● Work task: For the records below, please print exactly and only the lines from the one with "Engaging Pink Real" down to the one with "Milano Suede Shearling", both ends included, omitting the pictures.

● Provided entries:

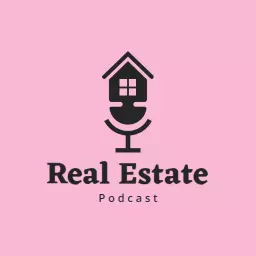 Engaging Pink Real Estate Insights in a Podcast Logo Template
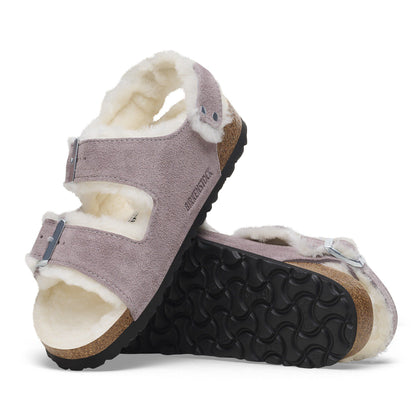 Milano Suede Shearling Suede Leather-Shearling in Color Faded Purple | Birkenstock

==

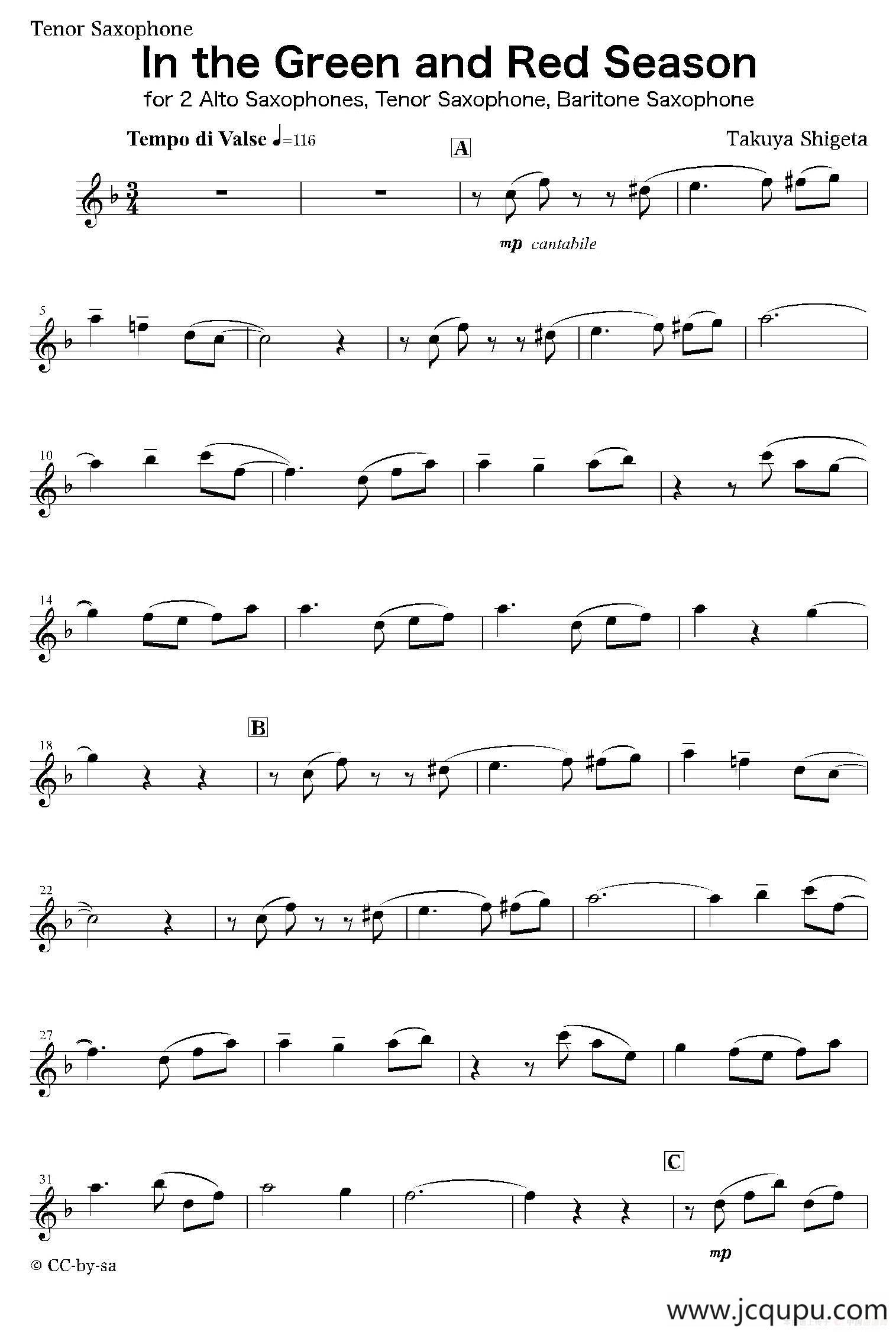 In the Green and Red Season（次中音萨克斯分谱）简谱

...

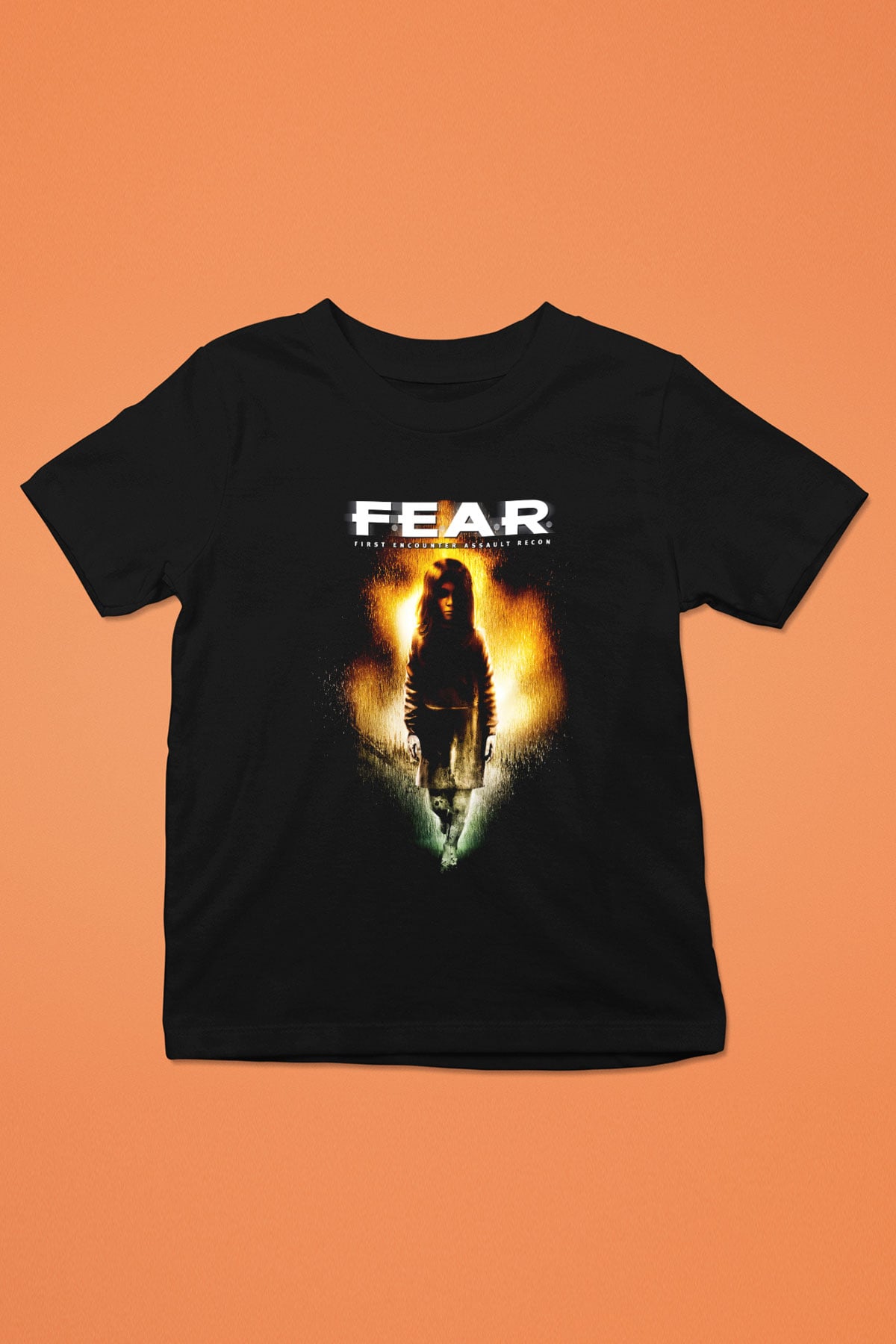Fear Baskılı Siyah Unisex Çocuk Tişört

● Response box:
 Engaging Pink Real Estate Insights in a Podcast Logo Template
 Milano Suede Shearling Suede Leather-Shearling in Color Faded Purple | Birkenstock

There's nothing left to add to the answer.